§ **What this task involves**: What you return must match the entries word for word, minus the pictures.
- Opening Delimiter -
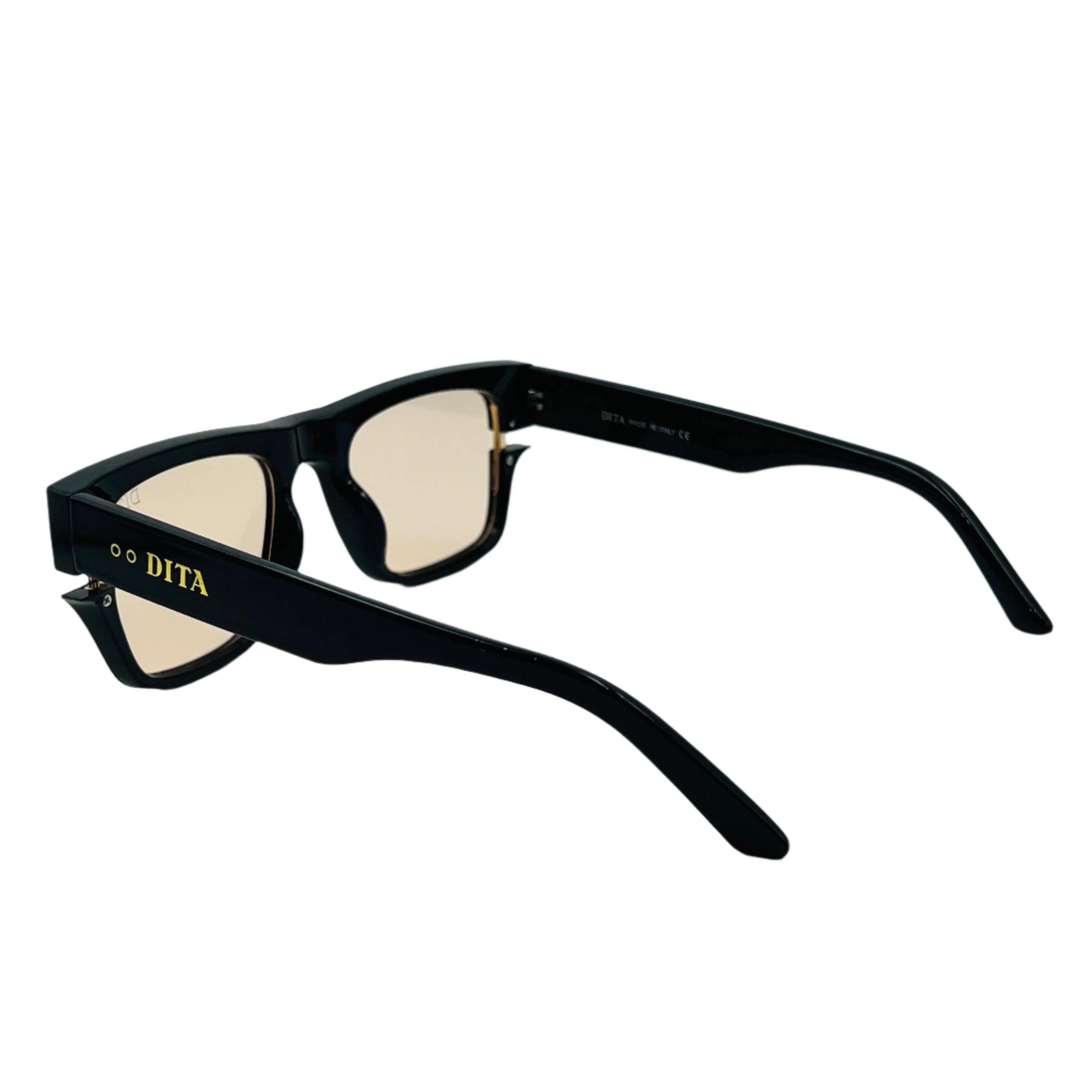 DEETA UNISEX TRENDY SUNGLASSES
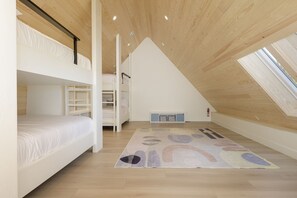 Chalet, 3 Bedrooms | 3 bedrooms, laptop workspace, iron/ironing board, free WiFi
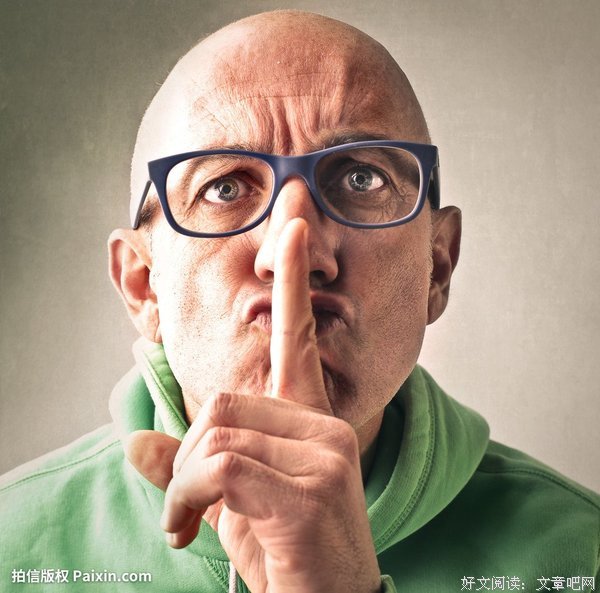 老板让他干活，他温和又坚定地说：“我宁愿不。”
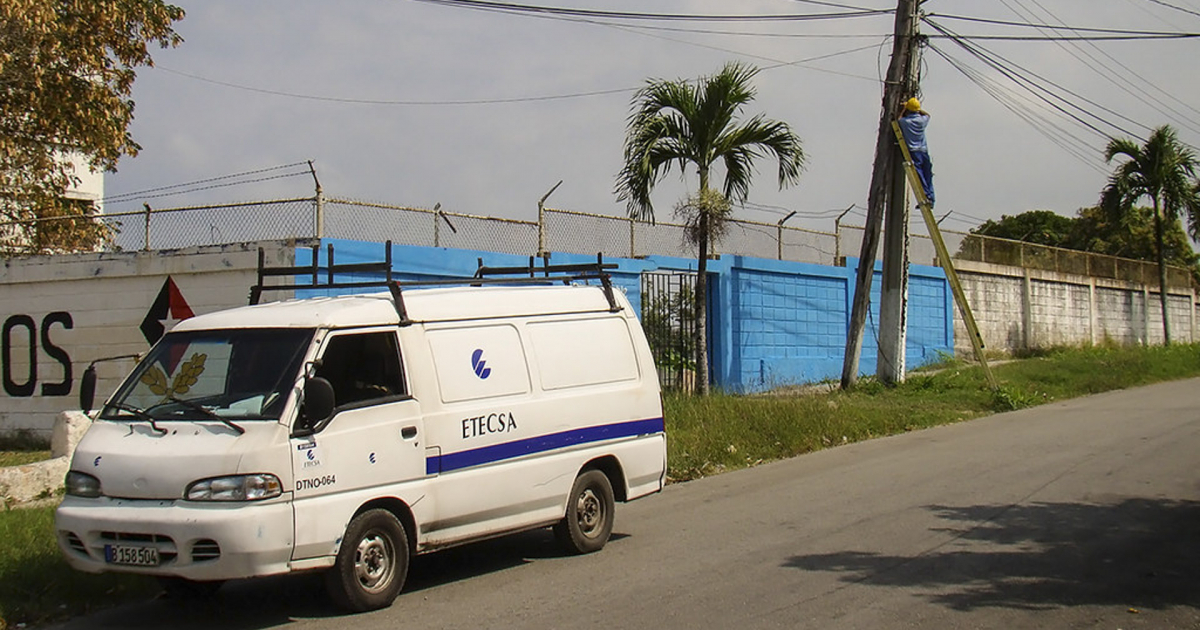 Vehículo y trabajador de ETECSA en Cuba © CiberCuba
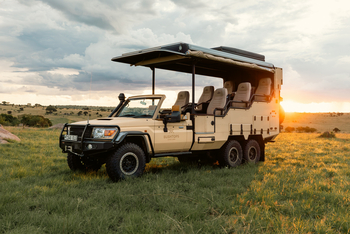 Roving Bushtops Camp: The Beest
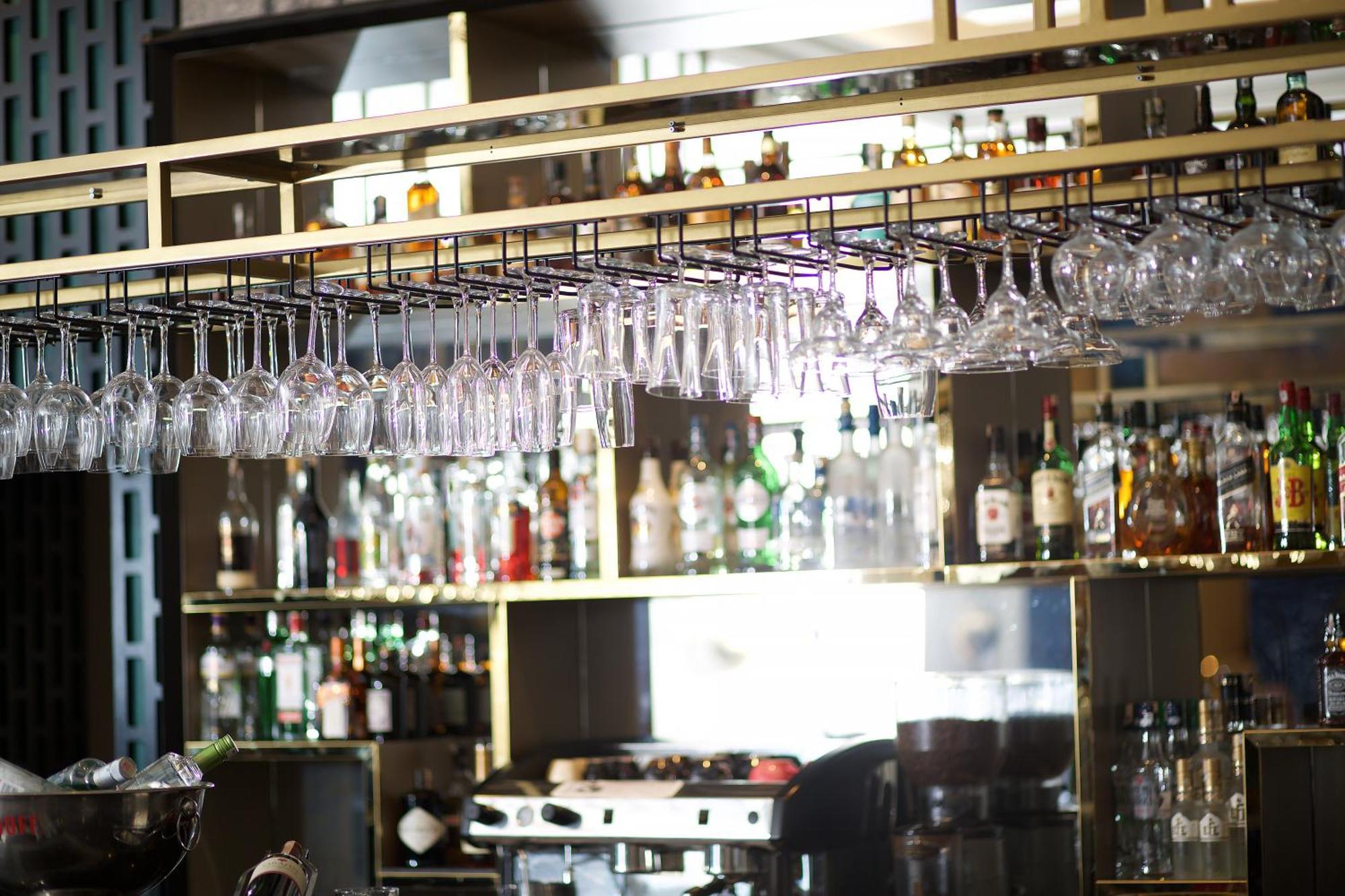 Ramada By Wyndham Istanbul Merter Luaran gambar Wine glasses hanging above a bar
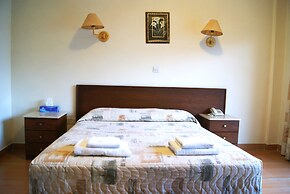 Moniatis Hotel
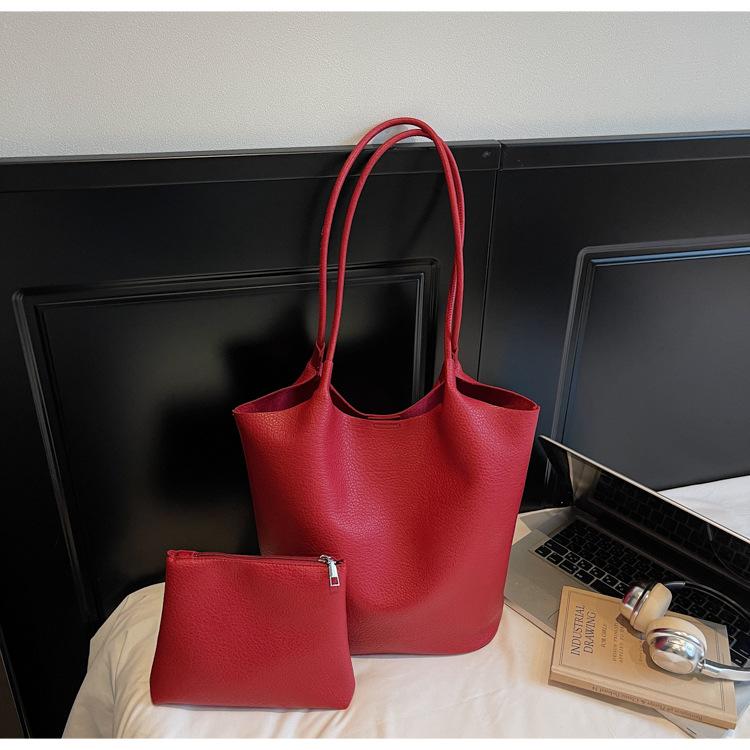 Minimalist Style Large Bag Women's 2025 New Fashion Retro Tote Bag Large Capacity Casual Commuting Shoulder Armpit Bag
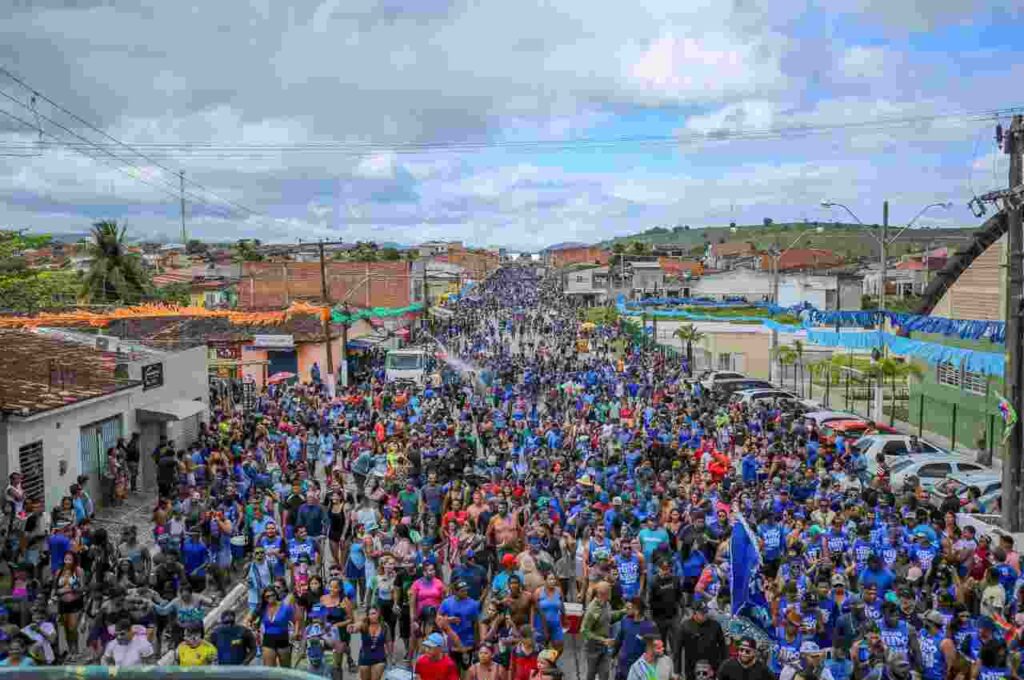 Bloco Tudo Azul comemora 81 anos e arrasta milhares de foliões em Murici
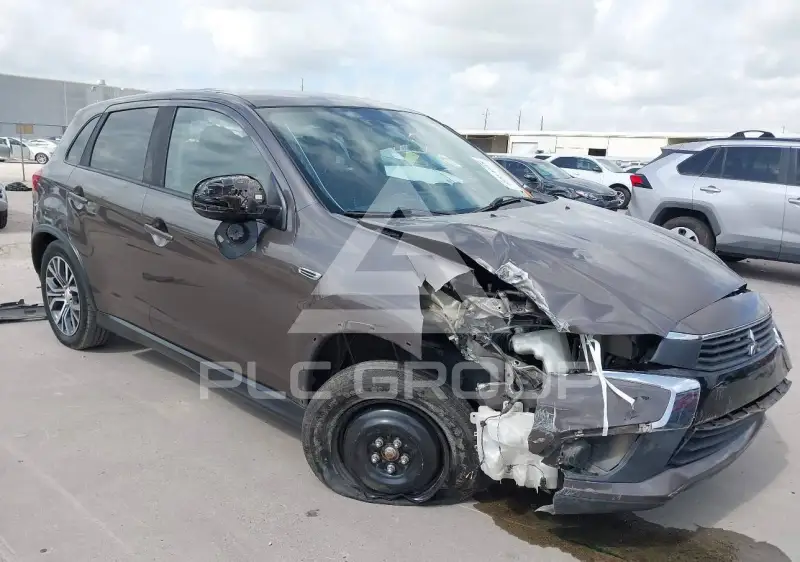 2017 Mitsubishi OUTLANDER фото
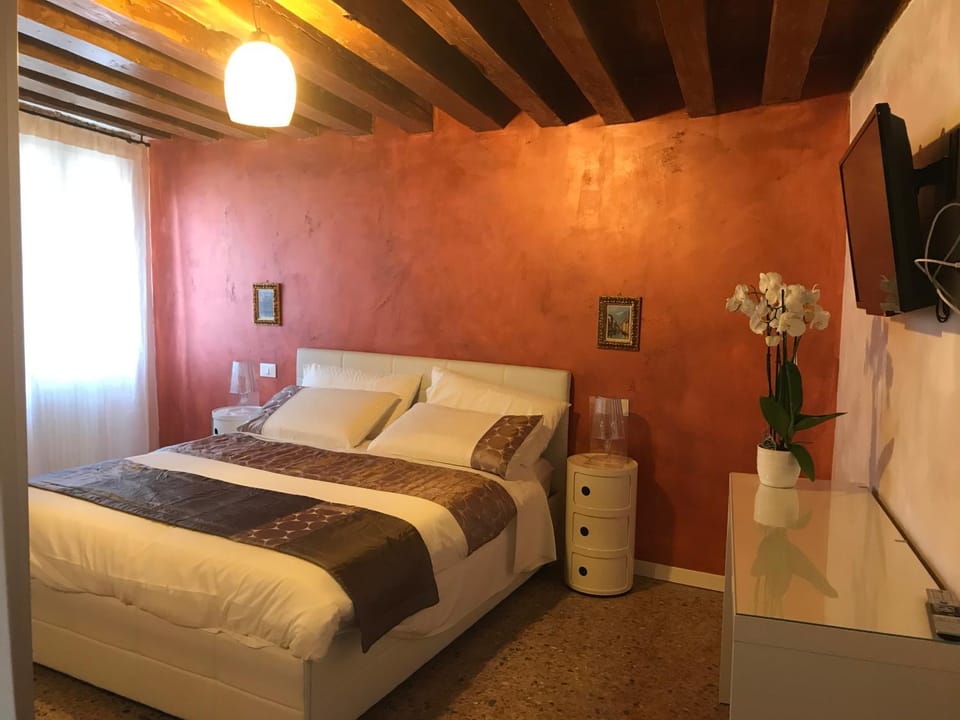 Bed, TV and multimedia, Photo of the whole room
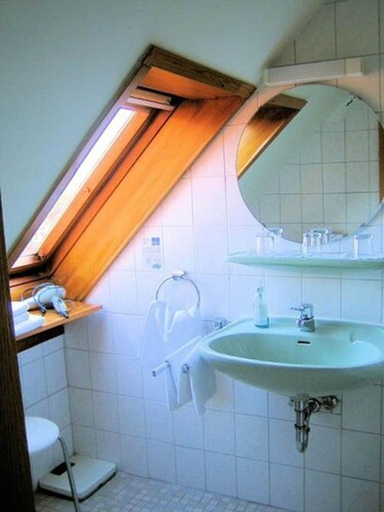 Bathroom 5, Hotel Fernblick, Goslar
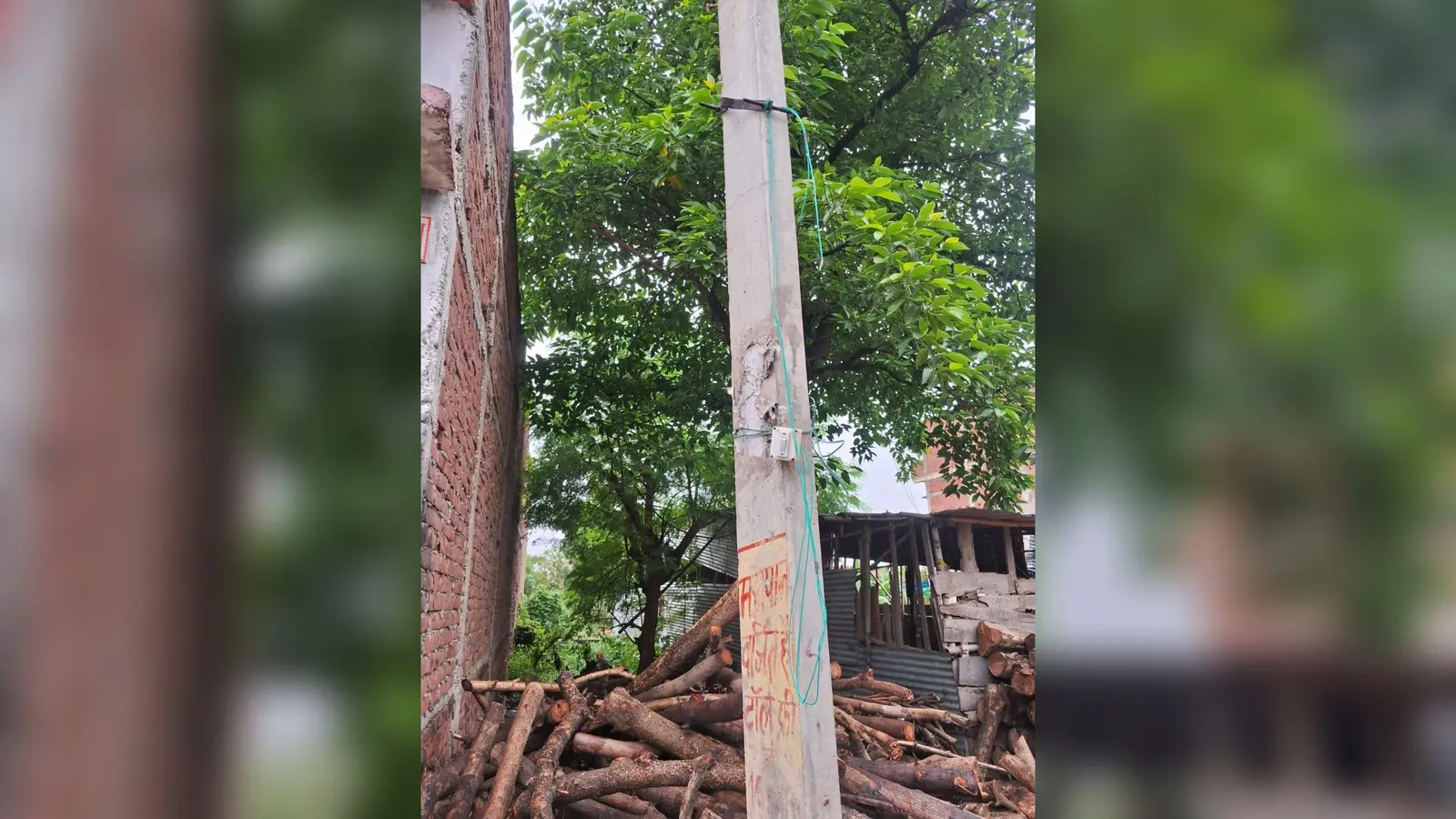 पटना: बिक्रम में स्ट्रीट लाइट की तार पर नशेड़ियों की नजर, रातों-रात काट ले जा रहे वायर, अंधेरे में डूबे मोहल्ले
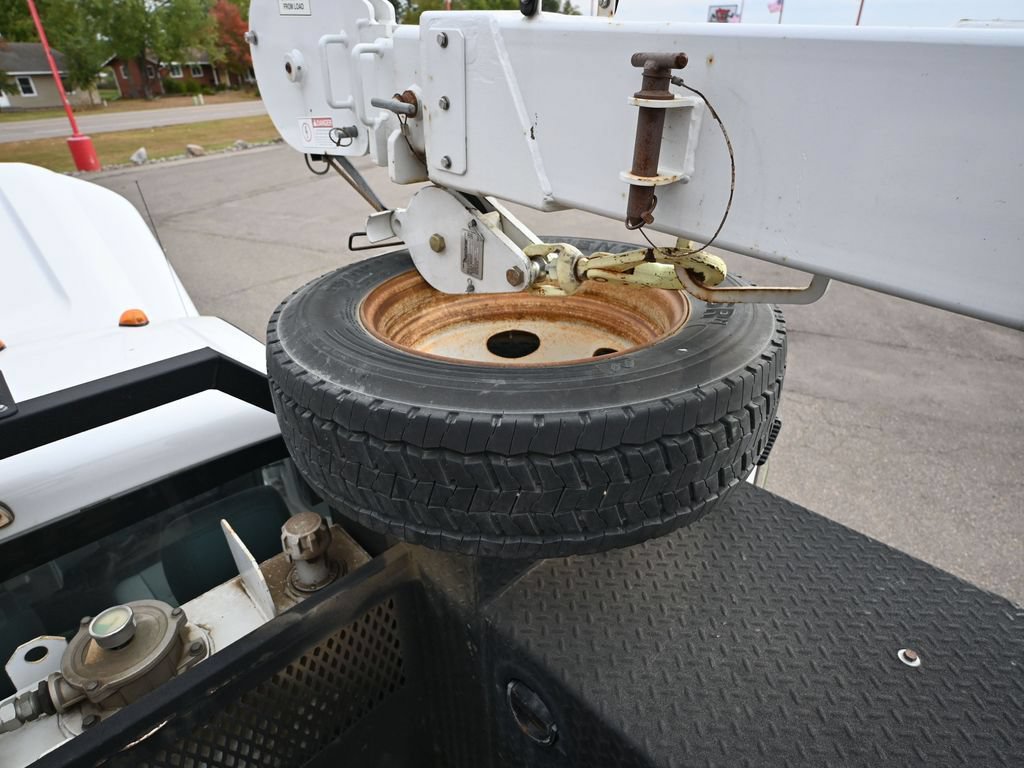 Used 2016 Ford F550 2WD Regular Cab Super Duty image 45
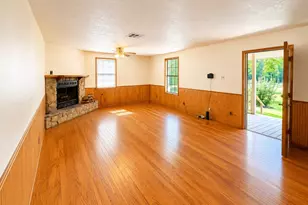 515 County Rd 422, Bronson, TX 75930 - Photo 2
- Closing Delimiter -
§ **Problem solution**:
 DEETA UNISEX TRENDY SUNGLASSES
 Chalet, 3 Bedrooms | 3 bedrooms, laptop workspace, iron/ironing board, free WiFi
 老板让他干活，他温和又坚定地说：“我宁愿不。”
 Vehículo y trabajador de ETECSA en Cuba © CiberCuba
 Roving Bushtops Camp: The Beest
 Ramada By Wyndham Istanbul Merter Luaran gambar Wine glasses hanging above a bar
 Moniatis Hotel
 Minimalist Style Large Bag Women's 2025 New Fashion Retro Tote Bag Large Capacity Casual Commuting Shoulder Armpit Bag
 Bloco Tudo Azul comemora 81 anos e arrasta milhares de foliões em Murici
 2017 Mitsubishi OUTLANDER фото
 Bed, TV and multimedia, Photo of the whole room
 Bathroom 5, Hotel Fernblick, Goslar
 पटना: बिक्रम में स्ट्रीट लाइट की तार पर नशेड़ियों की नजर, रातों-रात काट ले जा रहे वायर, अंधेरे में डूबे मोहल्ले
 Used 2016 Ford F550 2WD Regular Cab Super Duty image 45
 515 County Rd 422, Bronson, TX 75930 - Photo 2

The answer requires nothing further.